* [WHAT IS BEING ASKED] Transcribe the lines below exactly, beginning with the line that holds "Marineblaue warme Herrenschuhe 7006 1" and ending with the final line, both included. Pictures are to be left out.

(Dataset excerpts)
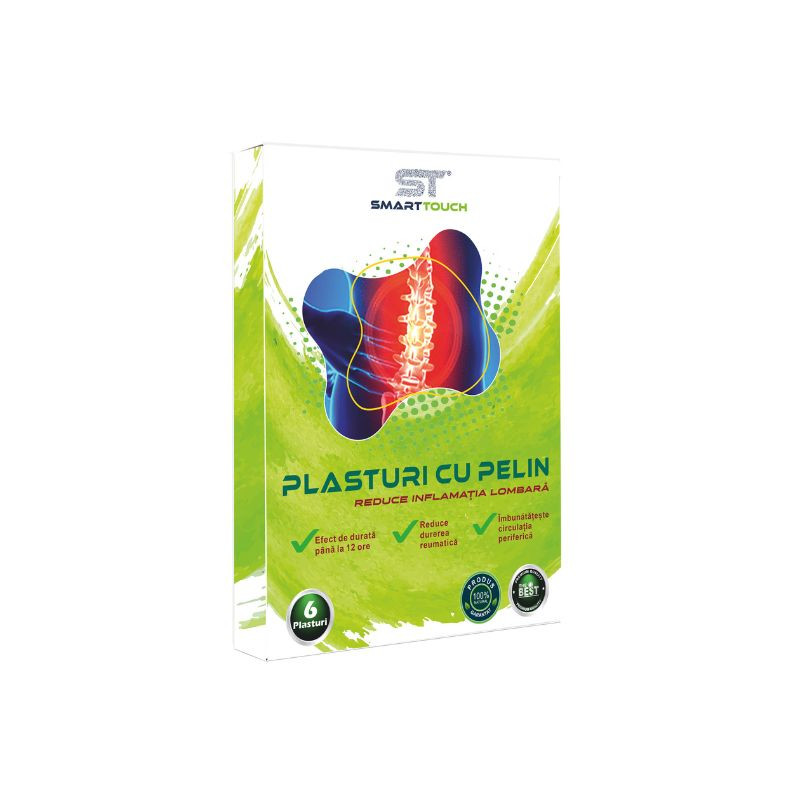 Smart Touch Plasturi cu Pelin, Reduce Inflamatia zonei Lombare, 6 plasturi Dispozitive imagine 2022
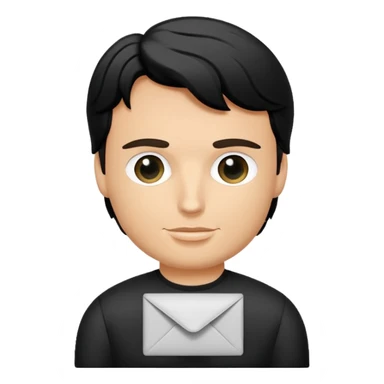 sobre de correo nombre de Tom Welling sticker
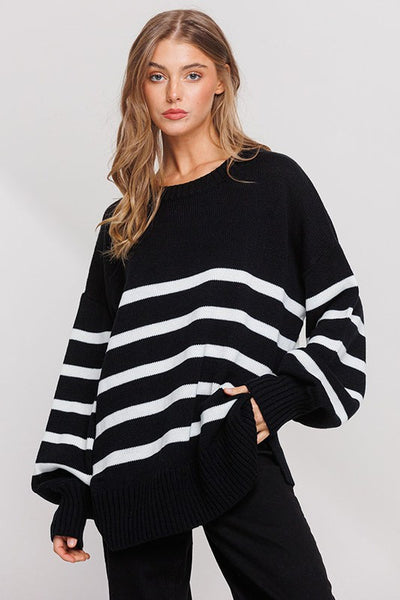 Knit Striped Sweater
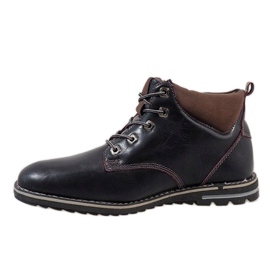 Marineblaue warme Herrenschuhe 7006 1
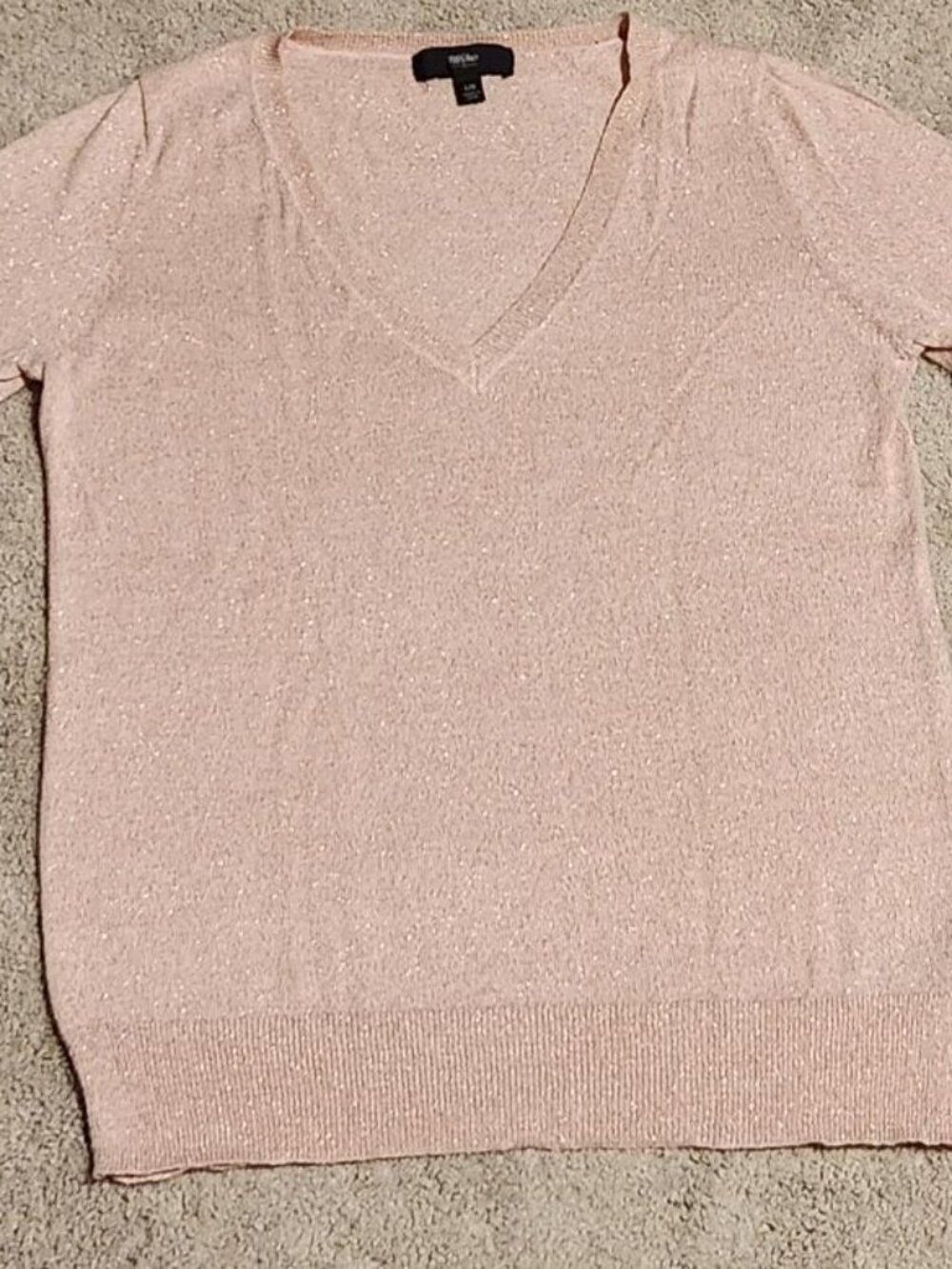 Mossimo pink shimmer v-neck sweater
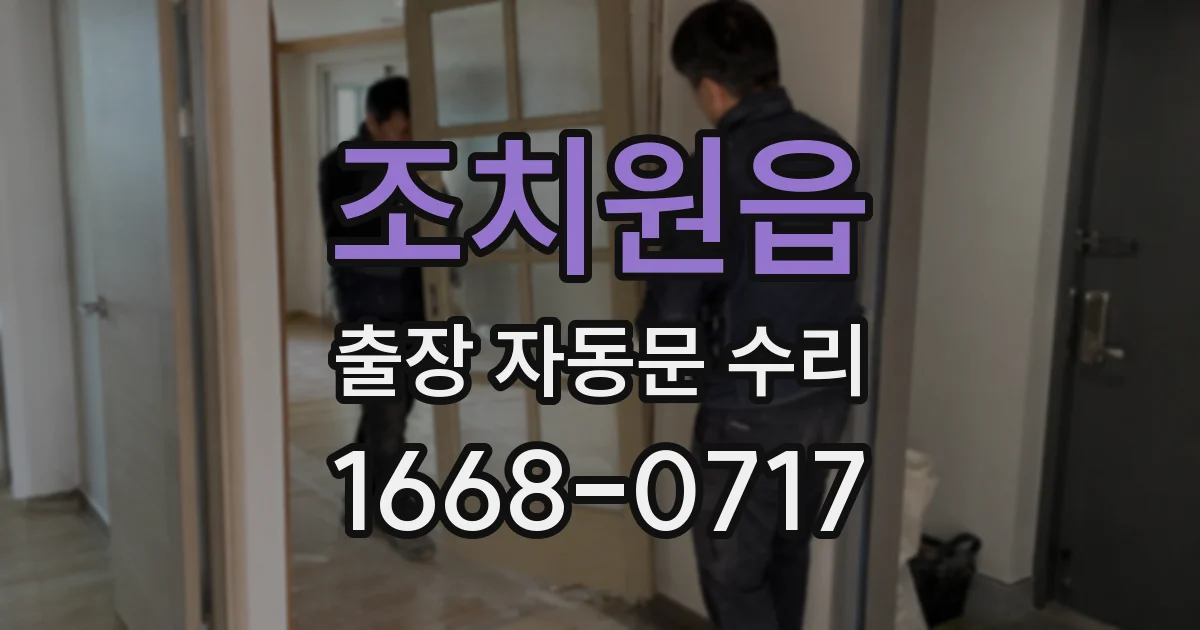 조치원읍 출장 자동문 수리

* [TASK OUTPUT]
 Marineblaue warme Herrenschuhe 7006 1
 Mossimo pink shimmer v-neck sweater
 조치원읍 출장 자동문 수리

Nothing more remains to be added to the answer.